Hunting for the instructions to my rather non intuitive timer control unit took quite a while but they were illuminating when discovered. It seems that I should have pressed the c/r button 4 times in quick succession to unlock the unit. Why in Heaven’s name the manufacturers considered that worthwhile I have no idea. Just one of those bizarre things the Chinese think up I guess and probably this is why their nickname is the Yellow Peril.
Eventually my bilge fan sprung into life. Now I have to connect the other bilge fan to the controller and I shall be able to have both running simultaneously for programmed periods. I believe I programmed the controller to be active for 10 minutes every 60 minutes. Given that the fans use 5A combined and displace 130CFM of air apiece, that should, given that they only blow half that through my mosquito mesh, be around 1300CFM of air displaced or the entire of the air inside the bus and then some. The only way to discover whether that’s true is to get a flatulent individual to emit their noxious vapors in the cockpit then stand behind the bus and wait for the stench to arrive! Seriously though, some kind of theatrical fog might help. At the moment the rear panels that charge the small battery responsible for my unit produce just 20W or to be realistic, about 10W. In one hour they will produce 0.83AH of power. In 10 minutes the fans will burn up 0.83AH of power. That pretty much equals out.
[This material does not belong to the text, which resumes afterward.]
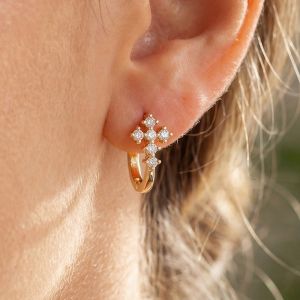 Gold Dipped Double Crystal Row Huggie Earrings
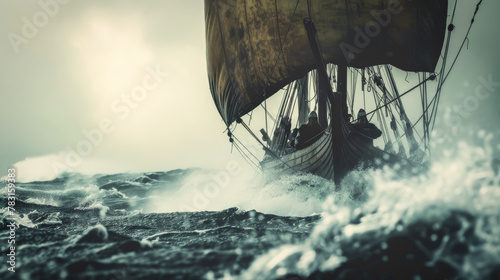 Viking longboat sailing on stormy seas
I didn’t get done as much as I’d have liked but I got done pretty much what I set out to achieve. I’m pretty sure when I get the underneath wiring tied up properly and the connections underneath finalized that Eric will be well impressed. Tomorrow I’d like to work more on the underside. I’ll admit to being concerned about the strange, unidentified and broken cable attached to (or not as the case is) the acellerator. I’m thus hesitant about driving my bus more than just around the yard. Perhaps I should spend tomorrow tidying up my wiring and putting some form of connector in so that I can connect the underbody wires straight into the system. Great care will have to be taken with the solar panel connections. In fact I might just put some fuses as well as my diodes into those circuits.